## Record excerpts
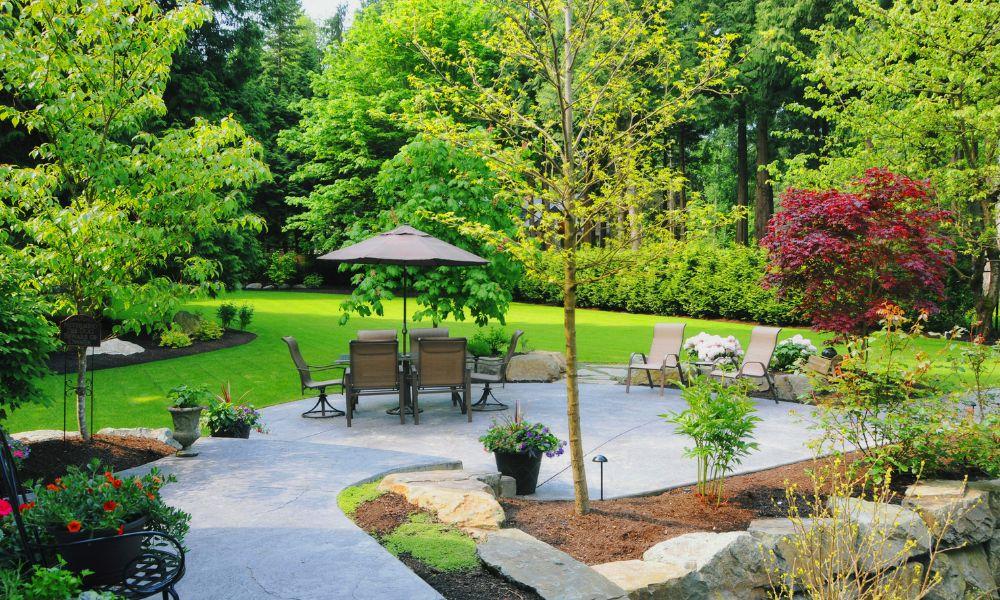 get best NY Lawn Service Insurance from The Allen Thomas Group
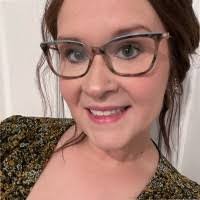 Tracey Cryer's Instagram, Twitter & Facebook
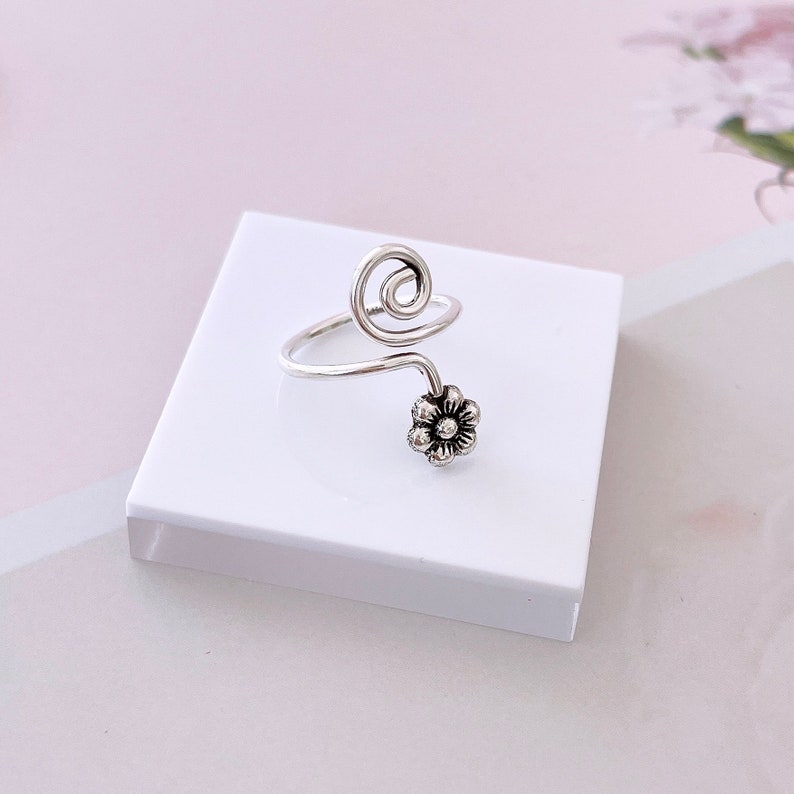 Boho flower toe ring, 925 Sterling Silver spiral toe ring, flower midi ring, boho wrap around ring, toe jewelry, gift for nature lovers image 3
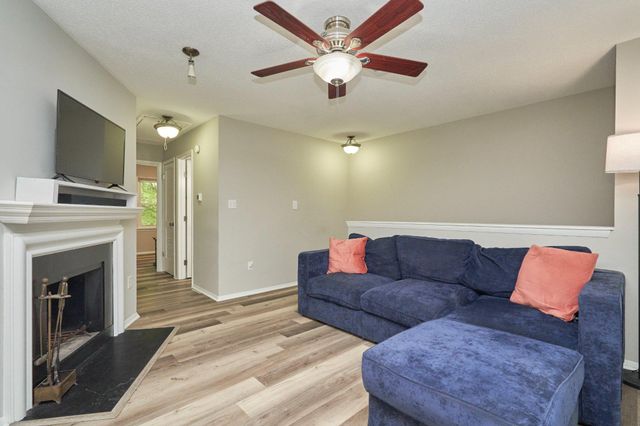 2841 CHABLIS CIR, Woodbridge, VA 22192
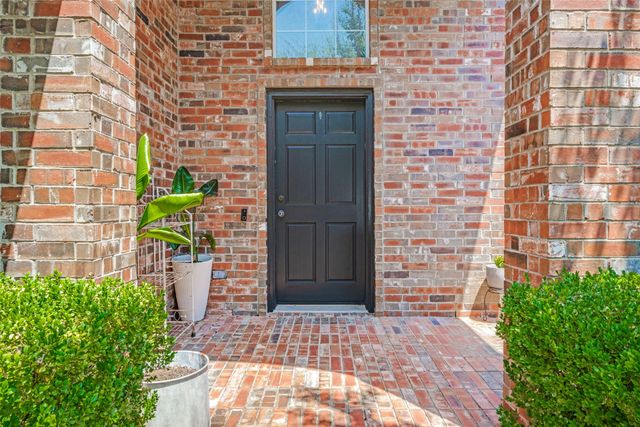 310 Conroe Circle, Argyle, TX 76226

## What is being asked
Each line from the one containing "2841 CHABLIS CIR, Woodbridge, VA 22192" down to the final line of the records above must be reproduced exactly; no pictures go into the copy.

## Result for this exercise
 2841 CHABLIS CIR, Woodbridge, VA 22192
 310 Conroe Circle, Argyle, TX 76226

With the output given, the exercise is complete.